機内に乗り込むと満席です。座席は3−3−3で、我々は窓側2席。私の横は上記15日間ツアーの参加の女性。このツアーは格安の値段と内容で大人気のようで、彼女たちのように名古屋地区かもら大勢参加しているようです。
11年前はバンコク経由でカイロまで20時間かけていったものであるが、今はノンストップで12時間と、北周りでヨーロッパに行くのと変わらない。10年の歳月の流れを実感する次第である。
(機内の様子) (CAには日本人女性もいます)
夕食はチキン(=クリームソースパスタ)又はビーフ(=シチュウ風)・・・このほかに「フィッシュ」もあったようです。
軽食は「おにぎり(鮭)と、どら焼き」という珍妙なセットです。朝食のオムレツ&ソーセージはボリュームタップリで、これは美味しかったです。
尚、飲み物はソフトドリンクのみで、アルコールはノン・サービス。それで出国手続きのあと、売店でビールとワインを購入して機内へ持ち込みです。ビールが生ぬるくなってますが、まぁ我慢してグビグビ。
個別ビデオの映画には日本語版も結構ありますが、アバターやハリー・ポッターと少し古いプログラムが殆どなので、到着に備えて睡眠に注力し、まぁまぁ眠ることができました。

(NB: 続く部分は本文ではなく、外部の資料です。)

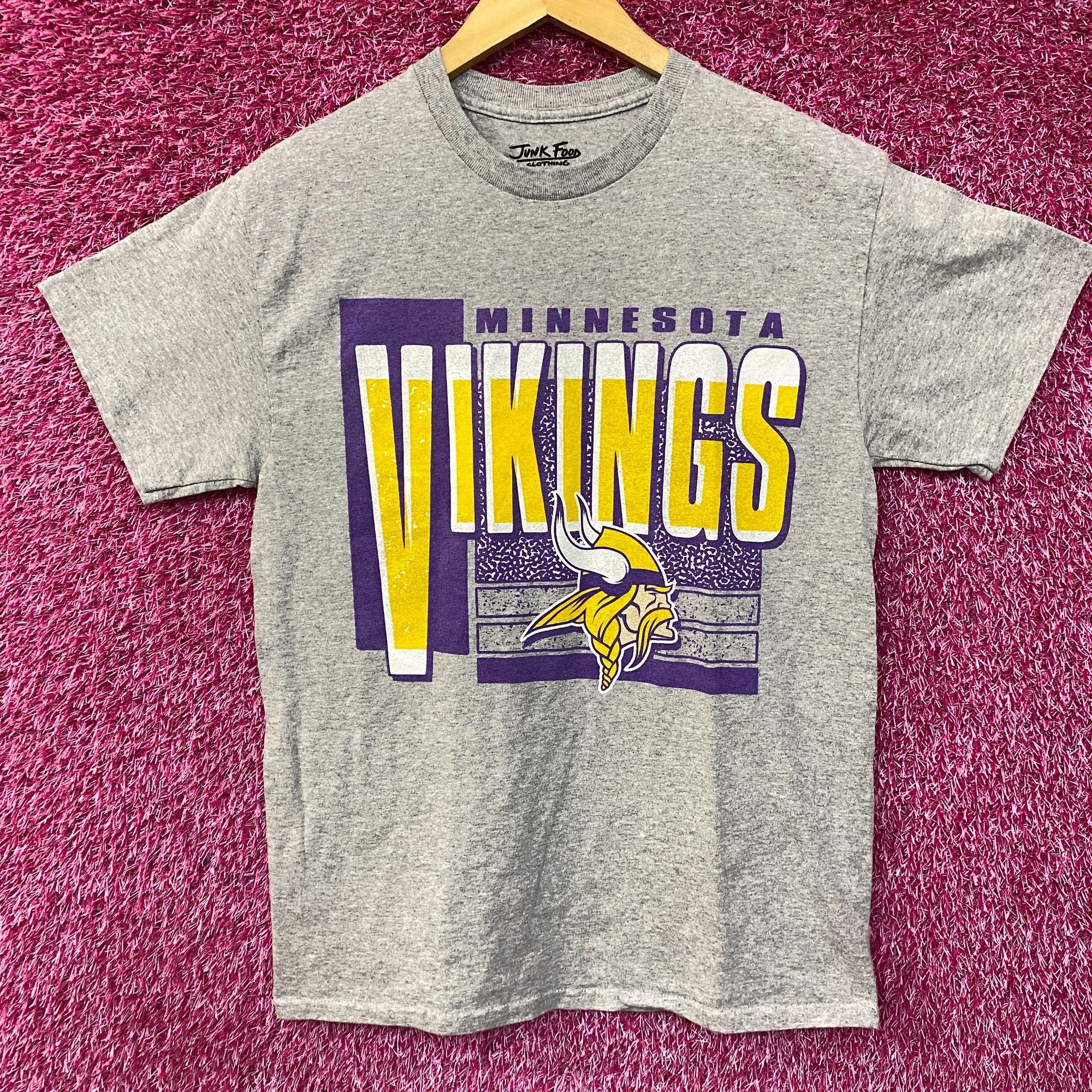 Junk Food Junk Food NFL Minnesota Vikings Logo Complete T-Shirt Small Size US S / EU 44-46 / 1 - 1 Thumbnail
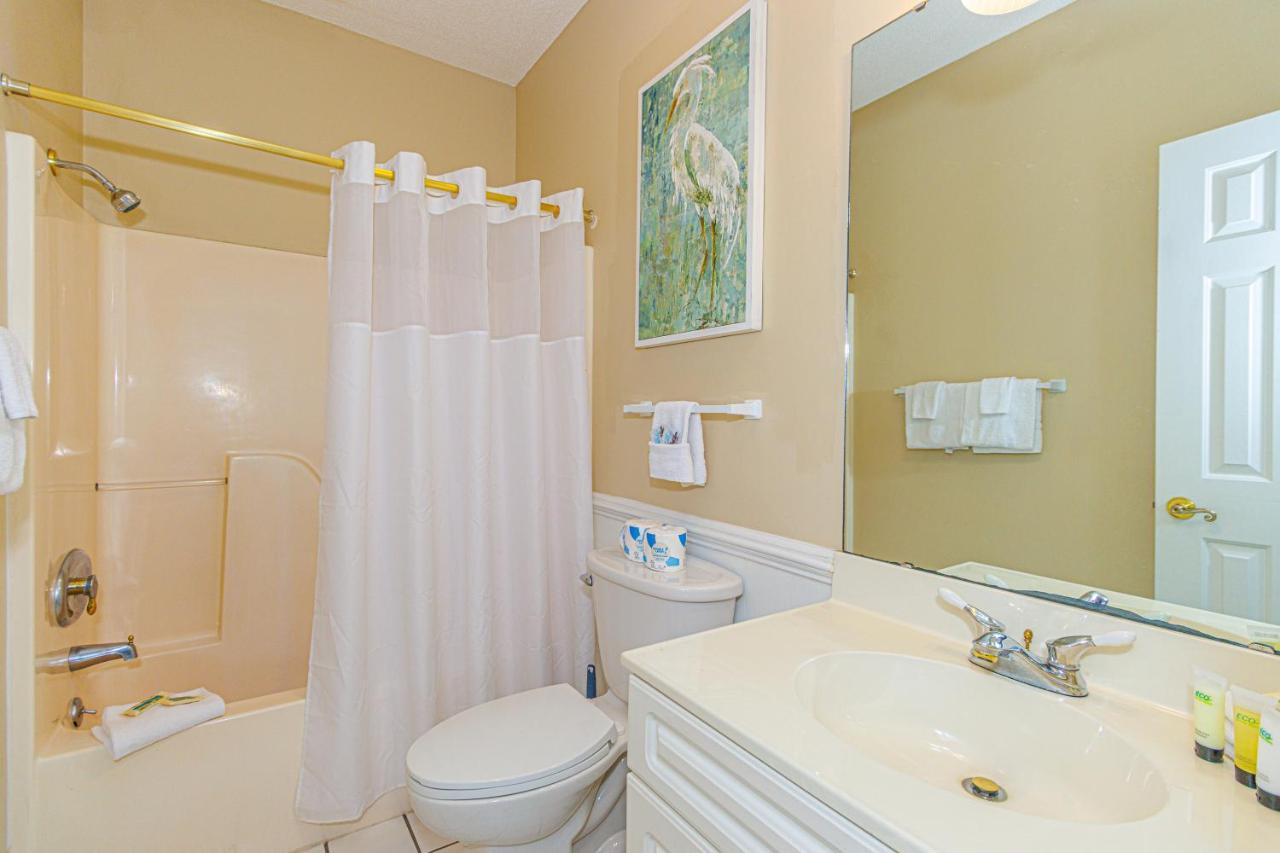 Ground Floor 2 Bed 2 Bath Riverwalk At Arrowhead Country Club Unit 104 Holiday home *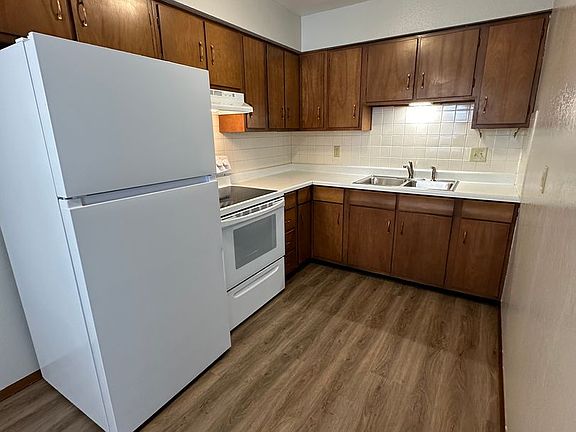 2nd image of 1803 Westplains Dr #5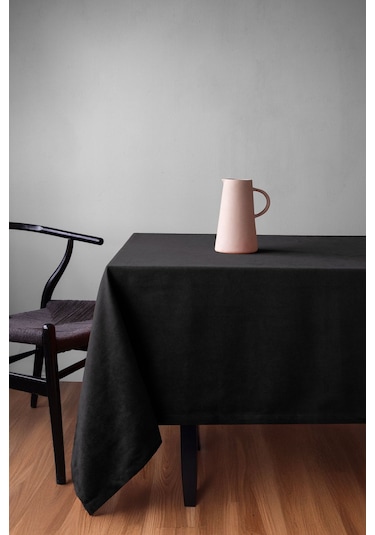 Kadife Dokulu Siyah Masa Örtüsü Zengin Renk Seçenekli Siyah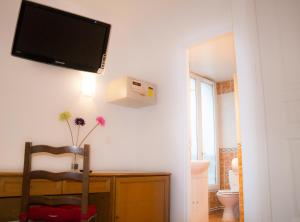 TV a/nebo společenská místnost v ubytování Hotel Audran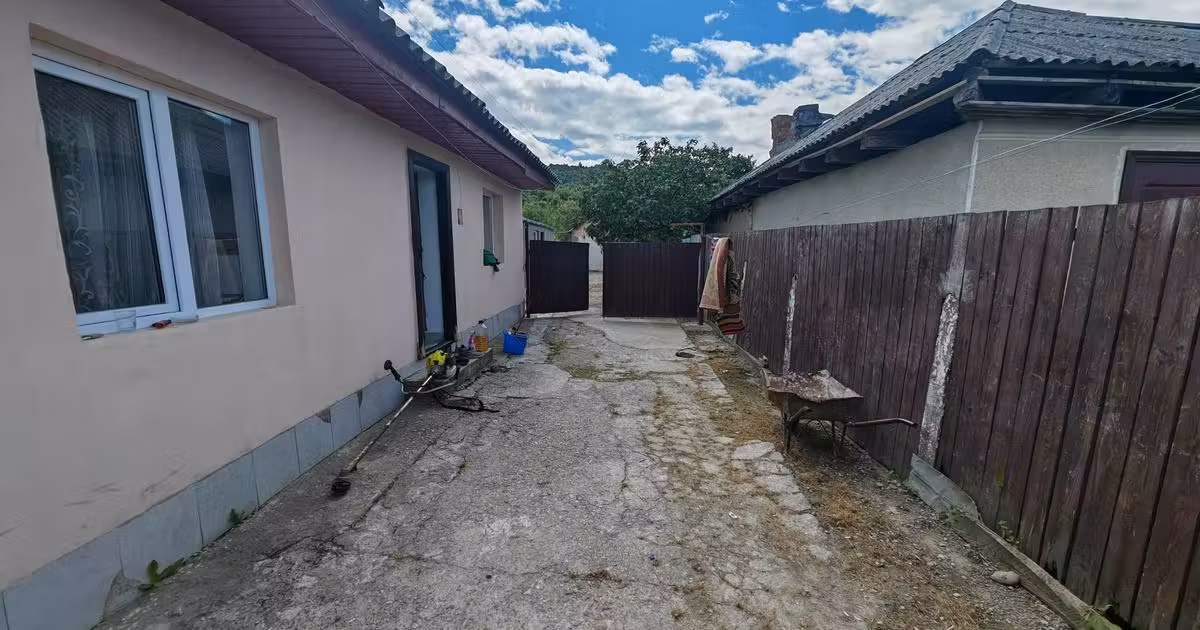 Casă individuală de vânzare cu 6 camere în Bacău
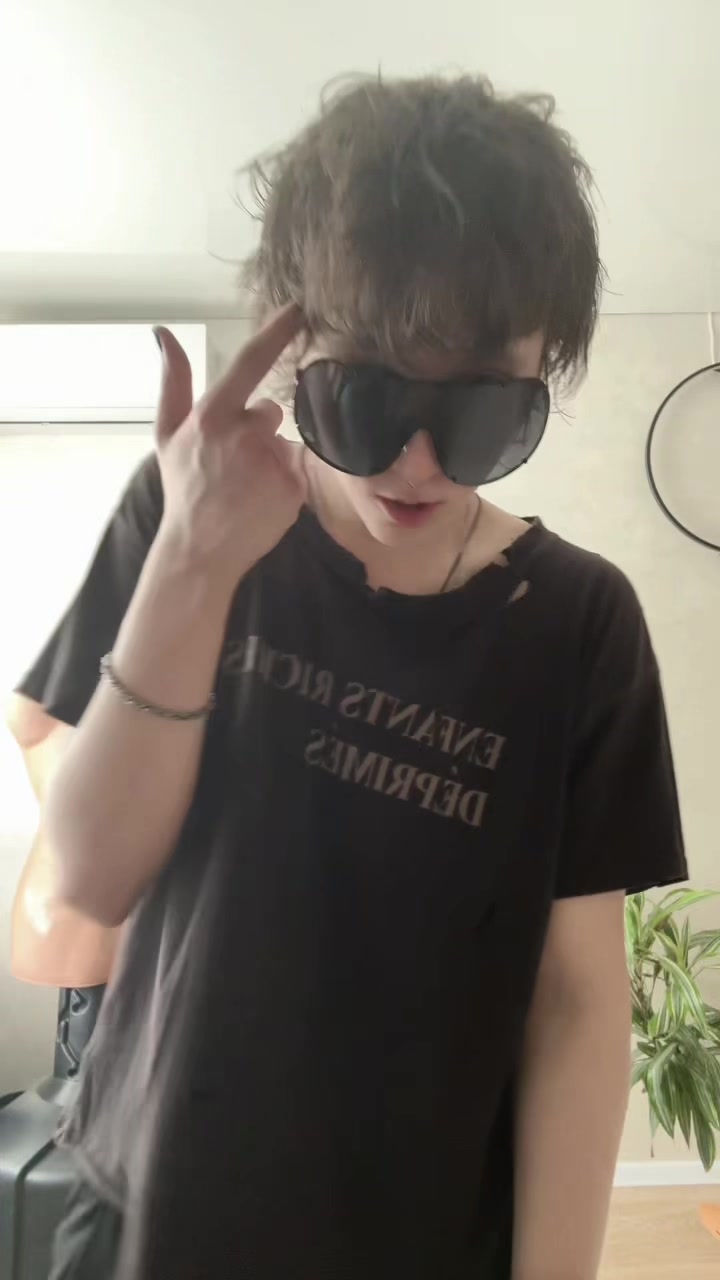 @saymannequin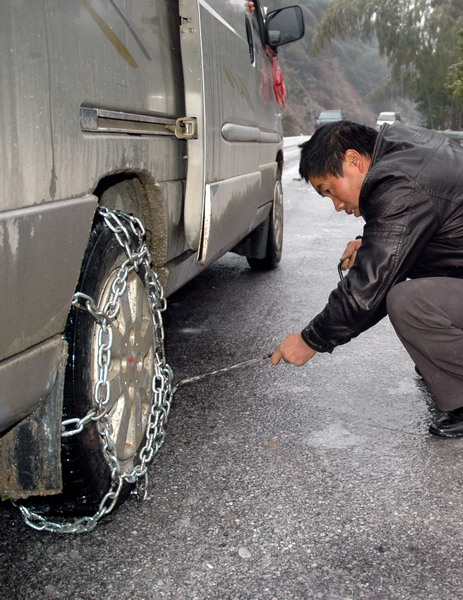 Cold snap sweeps China, traffic at a standstill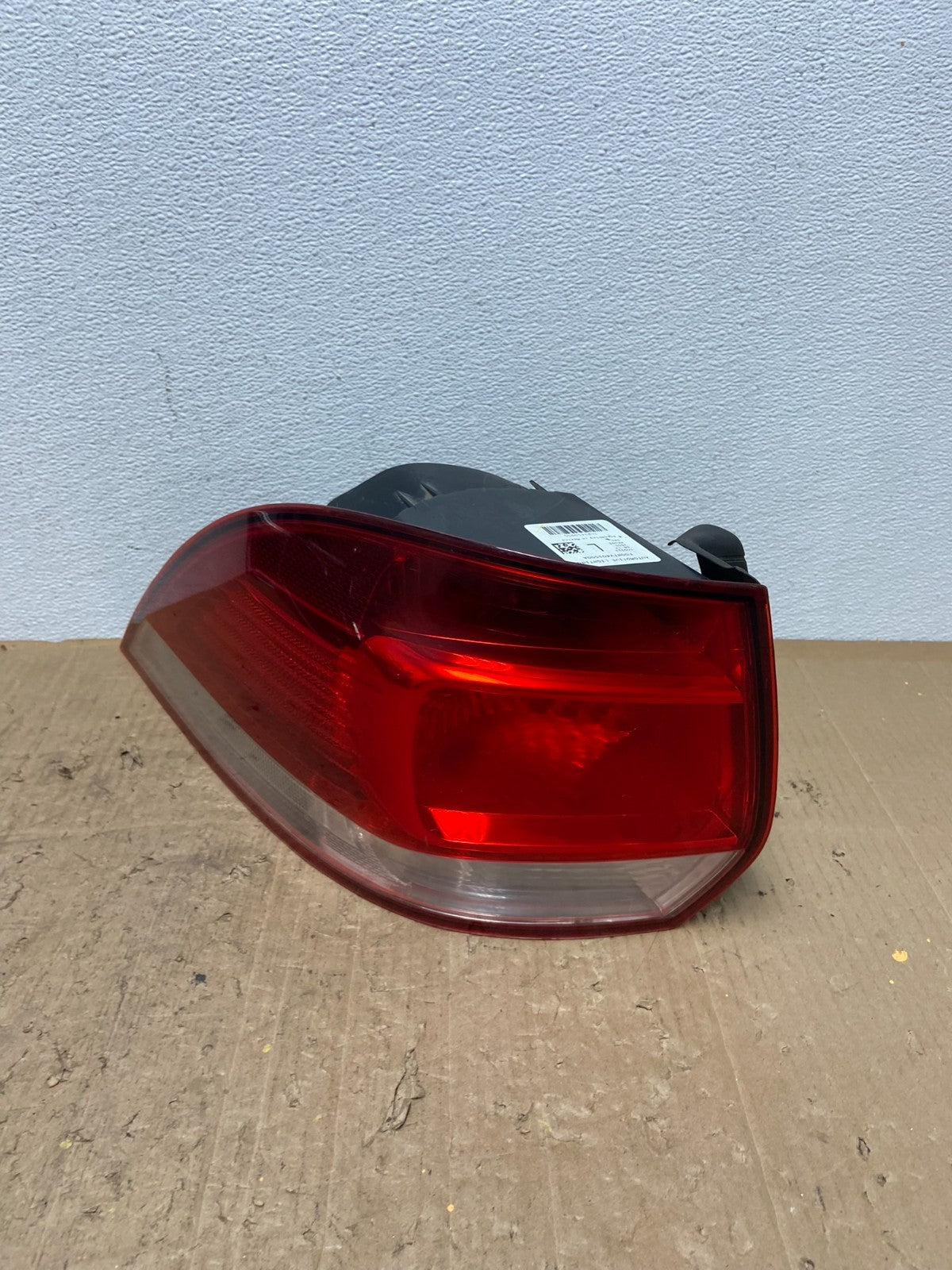 2010-2014 Volkswagen Golf MK6 Wagon Left Driver LH Tail Light OEM AC0241 DW0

2日目 5月24日(木) カイロ〜ギザ(ピラミッド)⇒アスワンへ
午前4:40、ほぼ定刻で無事カイロ到着。空港内はいつ新築されたものか、ヨーロッパの空港と変わらないほどモダンでクリーンでした。トイレの前にガラペーヤを着たおじさんがチップを貰おうと待ち構えていることもありません。両替所に行くと「1USドル=6エジプト・ポンド」です。
後でわかったことですが、街中(=レストランや土産物屋)だと、1ドル=5ポンドと、旅行者にとって不利な交換レートになります。
(立派な水平エスカレーターもあります) (ロビーも奇麗です) (トイレも清潔でした)
早速バスに乗ってギザへと向かいます。この時期、カイロでの宿泊は厳禁なのです。現地ガイドのナセル君の他に「ツーリスト・ポリス」が同乗。安全確保の為で、警察官(といっても私服です)が同道しないと観光は出来ない決まりになっているようです。
空港から少し走ると、もう周りは砂漠の雰囲気で、妻は目をパチクリ。
6時過ぎにギザ郊外のホテル・「ピラミッド・パークリゾート」に到着。(名前にピラミッドが付いていますが、此処からピラミッドは見えません)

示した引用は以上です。